To evaluate the precision of measurements of dead cells in fresh samples, NOD mice were infused with 5×107 PKH-labeled dead autologous splenocytes. After 2 hours, 12.8±3.4% of the infused cells were found in the spleens and mesenteric lymph nodes of the NOD recipients. These cells were not detected after 24 hours, demonstrating fast clearance of dead cells entrapped in the lymphoid organs.
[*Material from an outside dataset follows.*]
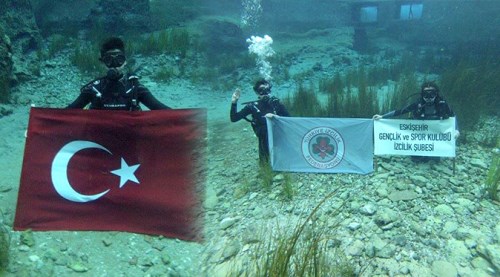 Eskişehir'de öğrenciler Sakaryabaşı'na akın etti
To determine possible variations in susceptibility of CD4+ T cell subsets to apoptosis, cells were incubated for 48 hours under conditions of cytokine deprivation. CD4+ T cells isolated from wild type (C57BL/6), prediabetic (14 weeks) and diabetic NOD mice display disproportional sensitivity to apoptosis: 21–33% and 48–62% of CD25− and CD25+ cells succumb to apoptosis respectively (p<0.01, Figure 1A). Increased apoptosis of CD25+ cells isolated from new onset diabetic mice is consistent with the reported sensitivities of CD25+ T cells isolated from wild type and gld (FasL-defective) mice  as well as in humans –. However, measurements of apoptosis performed by gating of CD4+ T cell subsets within mixed splenocyte populations show a very different situation (Figure 1A). Increased mortality of CD25+ T cells is primarily a result of the isolation procedure (p<0.005), a feature that is much less accentuated in the CD25− subset. Dissociation between CD25low (45%) and CD25high (55%) subsets (Figure 1B) in new onset diabetic NOD females disclosed excessive apoptosis of isolated CD25high cells (p<0.001 vs CD25low), suggesting particular dependence on factors released by adjacent cells such as IL-2. Distinct behavior within the CD4+ subset was further assessed in reference to FoxP3 expression (Figure 1C), showing increased sensitivity to apoptosis of FoxP3+ cells (p<0.001 vs FoxP3−) in particular within the isolated CD25+ subset (p<0.001 vs gated). These data document increased susceptibility to apoptosis in culture of CD4+ T cells displaying a phenotype of naturally occurring Treg derived from wild type and NOD mice.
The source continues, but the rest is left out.